Kivas Kelly, a well-known club man and bon vivant, had been found dead in his residence on Riverside Drive, with every indication—or, at least, with a whole lot of indications—of murder. The unhappy club man had been found, fully dressed in his evening clothes, lying on his back on the floor of the billiard-room, with his feet stuck up on the edge of the table. A narrow black scarf, presumably his evening tie, was twisted tightly about his neck by means of a billiard cue inserted in it. There was a quiet smile upon his face. He had apparently died from strangulation. A couple of bullet-holes passed through his body, one on each side, but they went out again. His suspenders were burst at the back. His hands were folded across his chest. One of them still held a white billiard ball. There was no sign of a struggle or of any disturbance in the room. A square piece of cloth was missing from the victim's dinner jacket.

In its editorial columns the same paper discussed the more general aspects of the murder. This, it said, was the third club man murdered in the last fortnight. While not taking an alarmist view, the paper felt that the killing of club men had got to stop. There was a limit, a reasonable limit, to everything. Why should a club man be killed? It might be asked, why should a club man live? But this was hardly to the point. They do live. After all, to be fair, what does a club man ask of society? Not much. Merely wine, women and singing. Why not let him have them? Is it fair to kill him? Does the gain to literature outweigh the social wrong? The writer estimated that at the rate of killing now going on the club men would be all destroyed in another generation. Something should be done to conserve them.

Transome Kent was not a detective. He was a reporter. After sweeping everything at Harvard in front of him, and then behind him, he had joined the staff of the Planet two months before. His rise had been phenomenal. In his first week of work he had unravelled a mystery, in his second he had unearthed a packing scandal which had poisoned the food of the entire nation for ten years, and in his third he had pitilessly exposed some of the best and most respectable people in the metropolis. Kent's work on the Planet consisted now almost exclusively of unravelling and unearthing, and it was natural that the manager should turn to him.

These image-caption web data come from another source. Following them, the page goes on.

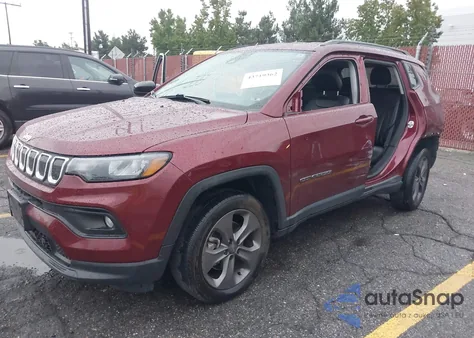 2022 Jeep Compass Latitude Lux 4X4 from USA, damaged, VIN 3C4NJDFB8NT130153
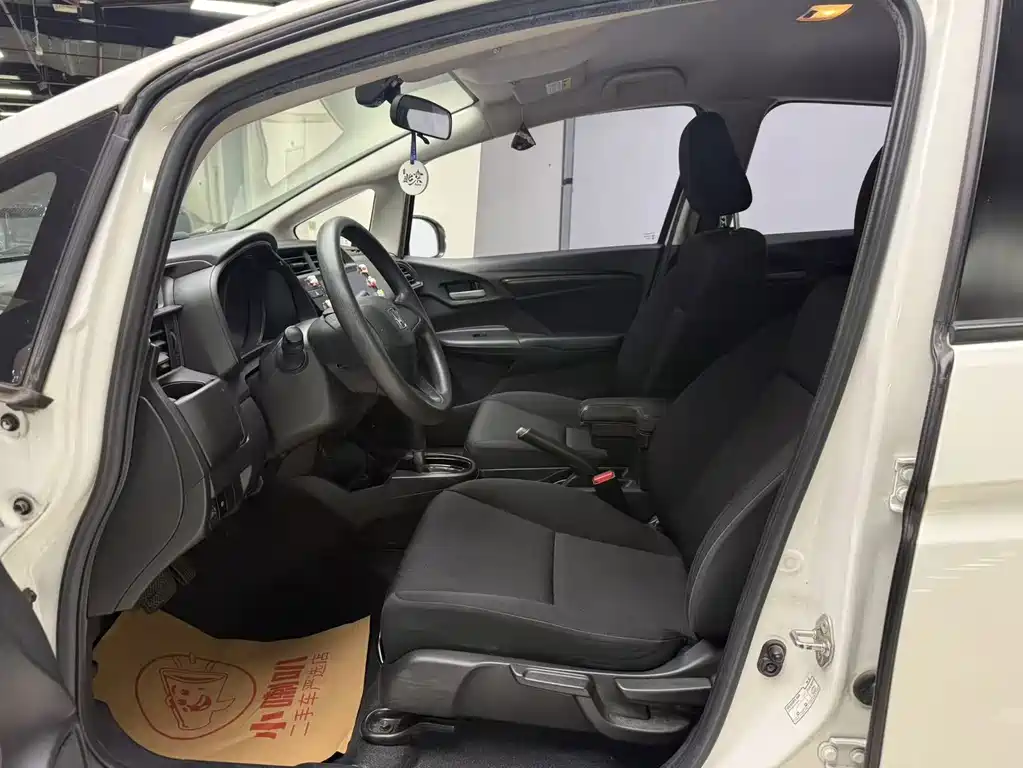 Honda Fit — миниатюра 7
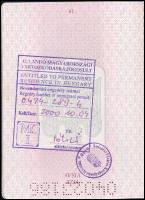 2000 Román útlevél, állandó magyarországi tartózkodási bejegyzéssel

The mansion was a handsome sandstone residence, standing in its own grounds. On Kent's arrival he found that the police had already drawn a cordon around it with cords. Groups of morbid curiosity-seekers hung about it in twos and threes, some of them in fours and fives. Policemen were leaning against the fence in all directions. They wore that baffled look so common to the detective force of the metropolis. "It seems to me," remarked one of them to the man beside him, "that there is an inexorable chain of logic about this that I am unable to follow." "So do I," said the other.

The Chief Inspector of the Detective Department, a large, heavy-looking man, was standing beside a gate-post. He nodded gloomily to Transome Kent.

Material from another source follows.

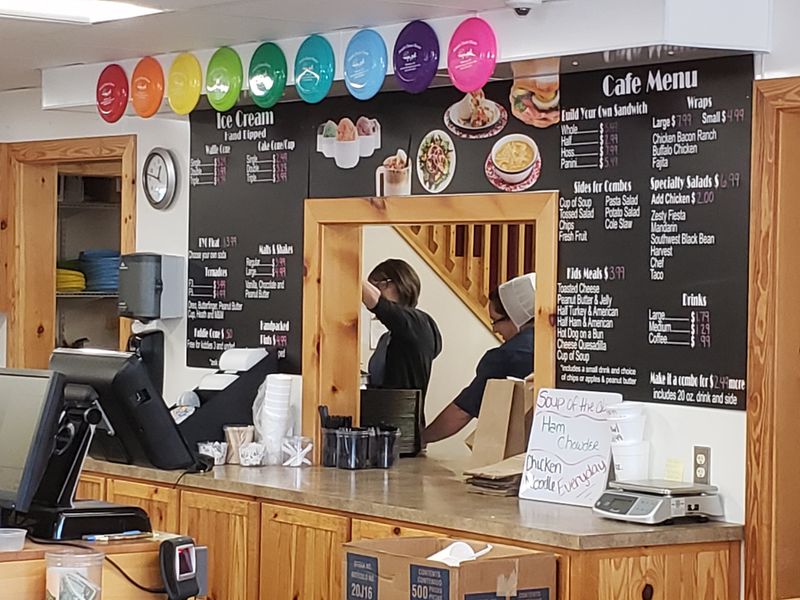 The Amish Cheese House, Chouteau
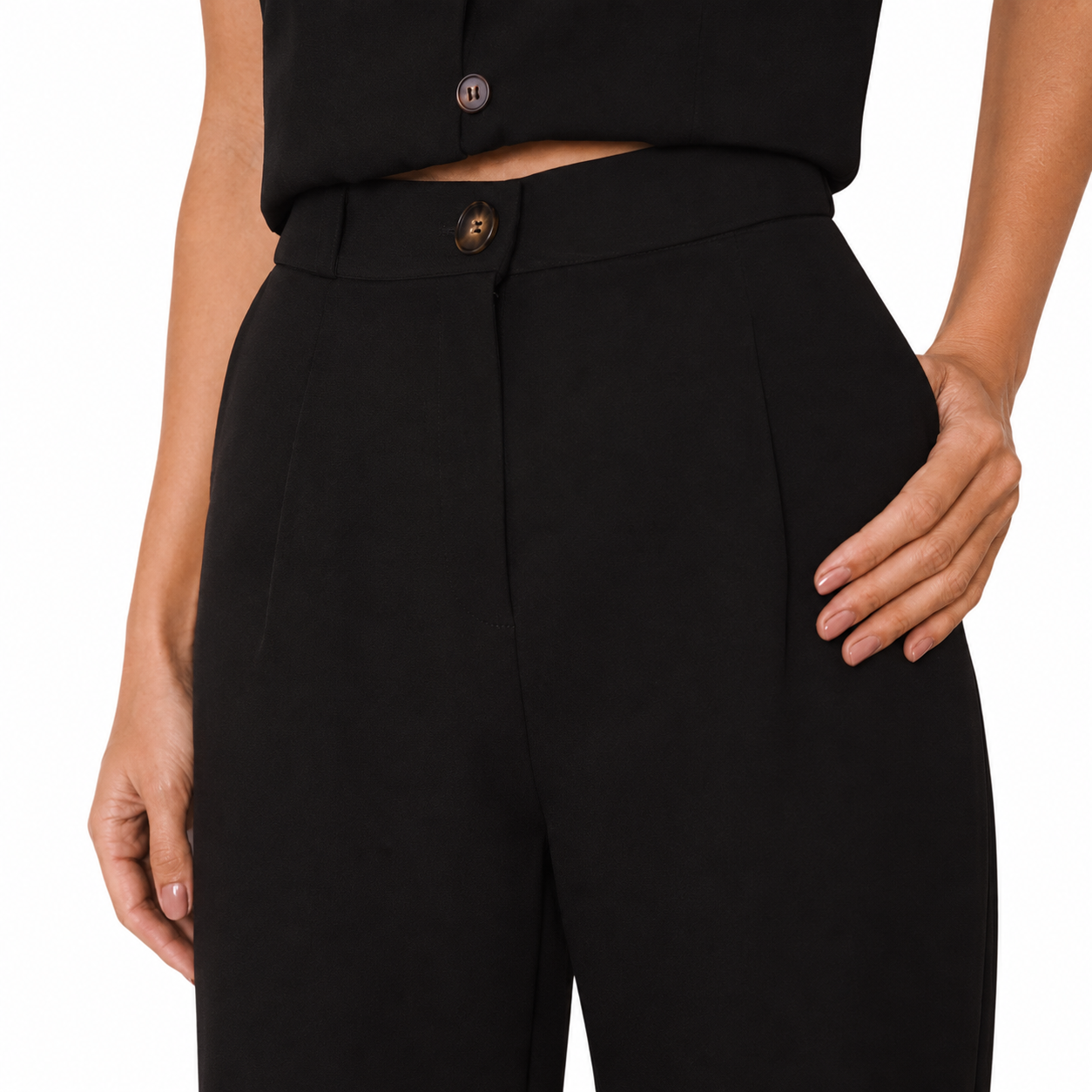 Calça Slim com Passante Largo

"Are you baffled, Edwards?" asked Kent.

"Baffled again, Mr. Kent," said the Inspector, with a sob in his voice. "I thought I could have solved this one, but I can't."

He passed a handkerchief across his eyes.

"Have a cigar, Chief," said Kent, "and let me hear what the trouble is."

The Inspector brightened. Like all policemen, he was simply crazy over cigars. "All right, Mr. Kent," he said, "wait till I chase away the morbid curiosity-seekers."